How has that happened? It is not because e-Estonia is somehow good at technology. They have the talent and skills, and good partners as well. What happened was the malleability of the Estonian legal system. The legal environment created trust in the rule of law. Sikkut talks about Estonia being able to bring down the barriers in legalisation and law, and that they used the law to basically push themselves forward. For instance, digital signatures carry weight because it is legal and Estonians live like that. The rule of law also creates the foundation of technological change by earning the people’s trust.
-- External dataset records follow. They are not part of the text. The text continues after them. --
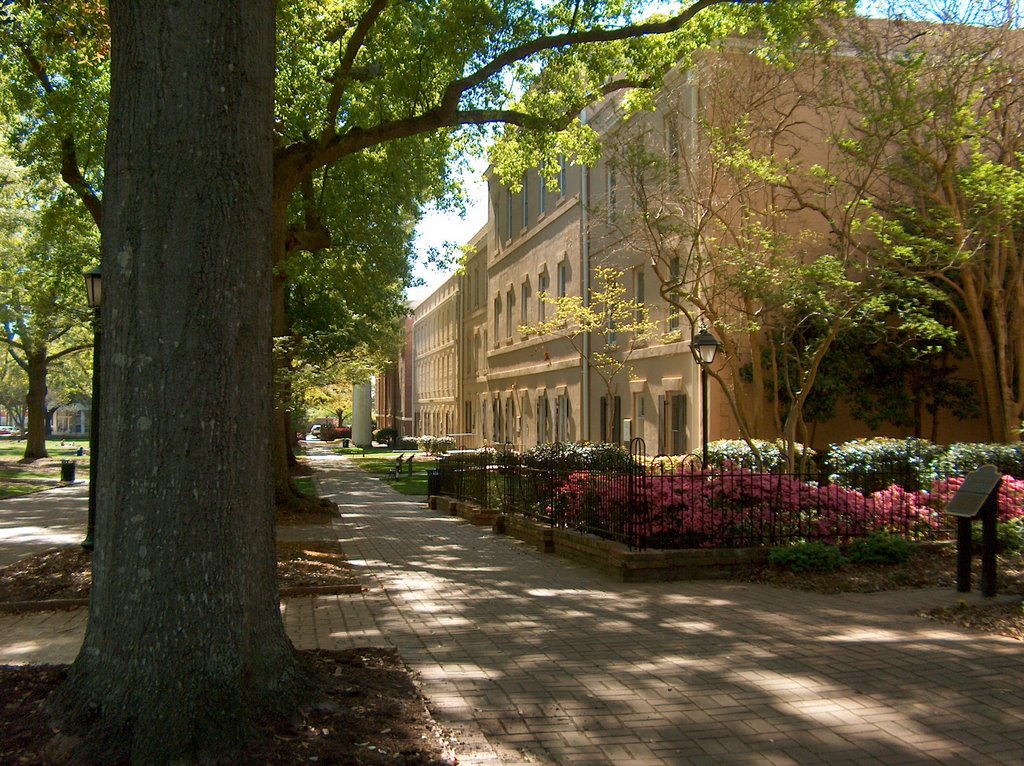 The University of South Carolinas Horseshoe, Колумбиа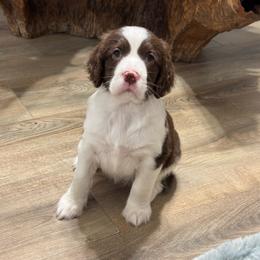 Miss Purple - Liver and white female English Springer Spaniel puppy in Pembroke Pines, Florida from Divine Spaniels ( Home of English Springers and English Cockers )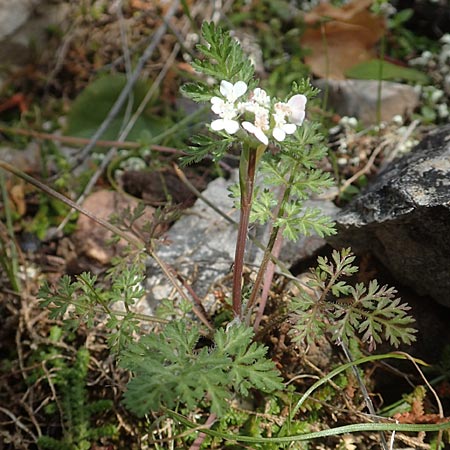 Orlaya daucoides \ M&ouml;hren-Breitsame / Flat-Fruited Orlaya, Small Bur Parsley, Chios Kato Fana 29.3.2016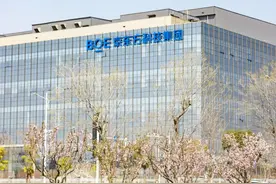 东西湖：“链”就产业新优势图片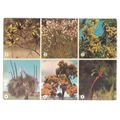 FLOWERS OF AUSTRALIA used postcard with agate s...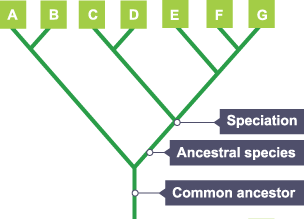 Evolutionary trees are used to represent the relationships between organisms. Branches show places where speciation has occurred, and a new species has evolved.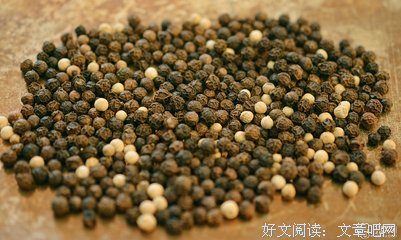 关于温阳的名言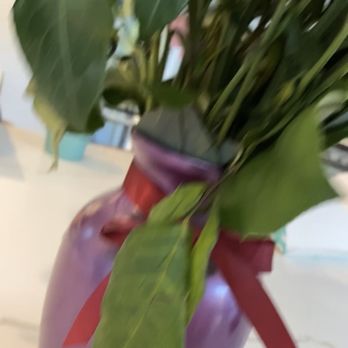 El Camino Floral Design Studio - Wilted leaves it's embarrassing. - Florists Near Me - Carlsbad, California El Camino Floral Design Studio - Wilted leaves it's embarrassing. - Florists Near Me - Carlsbad, California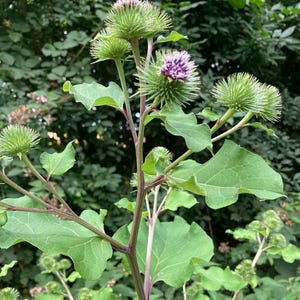 Puede incluir: Primer plano de una planta de bardana con hojas verdes grandes y cabezas florales espinosas y redondas. Algunas cabezas florales tienen flores moradas. Los tallos son de color rojo púrpura, sobre un fondo verde borroso.
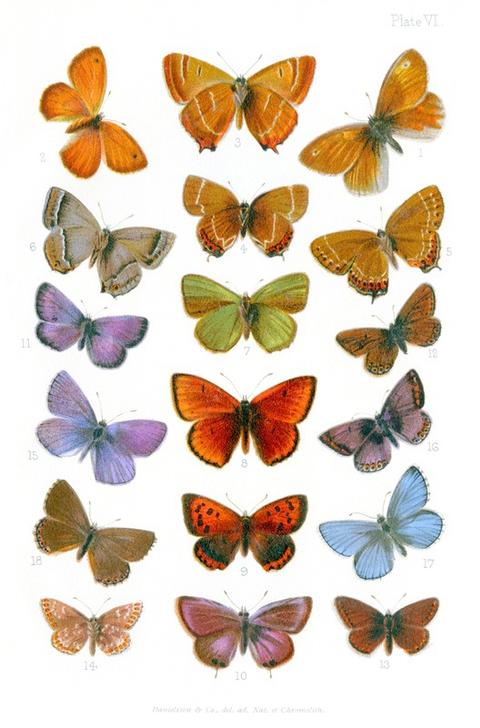British butterflies de Vittorio Zecchin
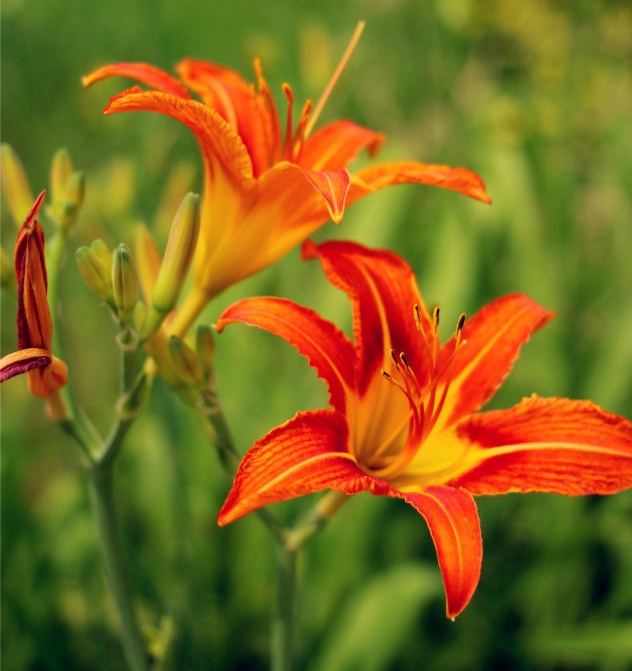 清明期间开的野花有哪些,清明节野花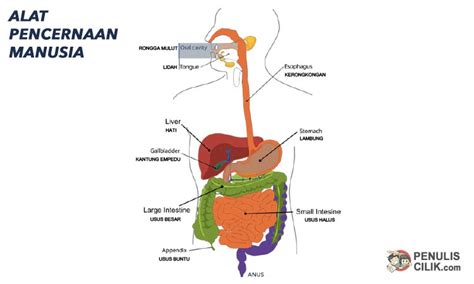 gambar sistem pencernaan jenis  fungsi organ pencernaan utama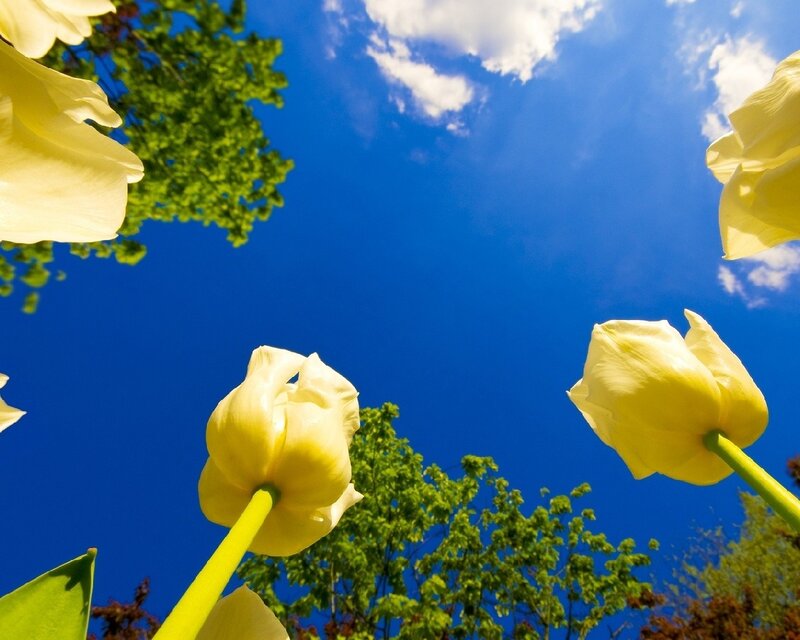 Yellow Tulips in Sky — Blue, Serene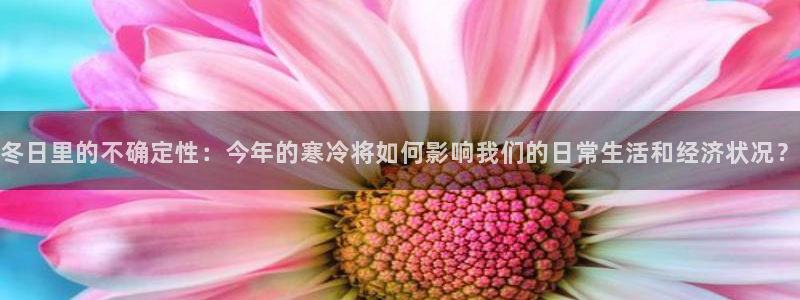 蓝狮娱乐包怎么样：冬日里的不确定性：今年的寒冷将如何影响我们的日常生活和经济状况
Estonian digitalisation has been greatly accelerated by platforms. They put in place certain common needs like authentication. You cannot provide a digital service as an agency in government or as a company unless it is done in a secure way. All you have to do is authentication. An example is X-Road. This is data sharing between various departments in government. Basically, it is the shared usable components. “These are the platforms and if we adopt them, we don’t have to reinvent the wheel. The platform is the infrastructure that has made us grow much faster.”
With great digital transformation comes great cybersecurity. To go digital, trust has to be there. It means building up cybersecurity excellence all the while designing secure systems that are able to protect what they have.
“It doesn’t mean risks have to remain a barrier. If done properly, invested in well, taken seriously and thoroughly, then the fact that something can be hacked, that data can get lost, also means you know how to minise the risk and reap the benefits of digitalisation,” explains Sikkut.
But change, like every Kenyan knows, happens when the government, company or individual have what it takes to be successful; the right mindset and culture. With this mentality, comes the opportunity to try a few things, and to fail fast. “There has been willingness in leadership to try things out, experiment, and if it works out then scale it throughout the whole country.”
That is how e-Residency was born. “It worked because we had a government that went along with this ambitious idea and said ‘Hey! Why don’t we try to see how to make it work as opposed to finding ways not to do it. It was the mindset of seeing how to make stuff work, Looking at problems that can be solved.” And, it allows them to build solutions for other countries. In comes partnerships. e-Estonia is not built in government, but in corporates and industries working together. Estonia is not shy about taking solutions from other countries either if it means things will move along faster. It is how they circumvent the fact that they can’t necessarily get or afford the best of the best on their payroll.
The Estonian journey really shows the way digital is not hard in the sense that if you do it, put your mind, resources and partnerships together, great things will happen.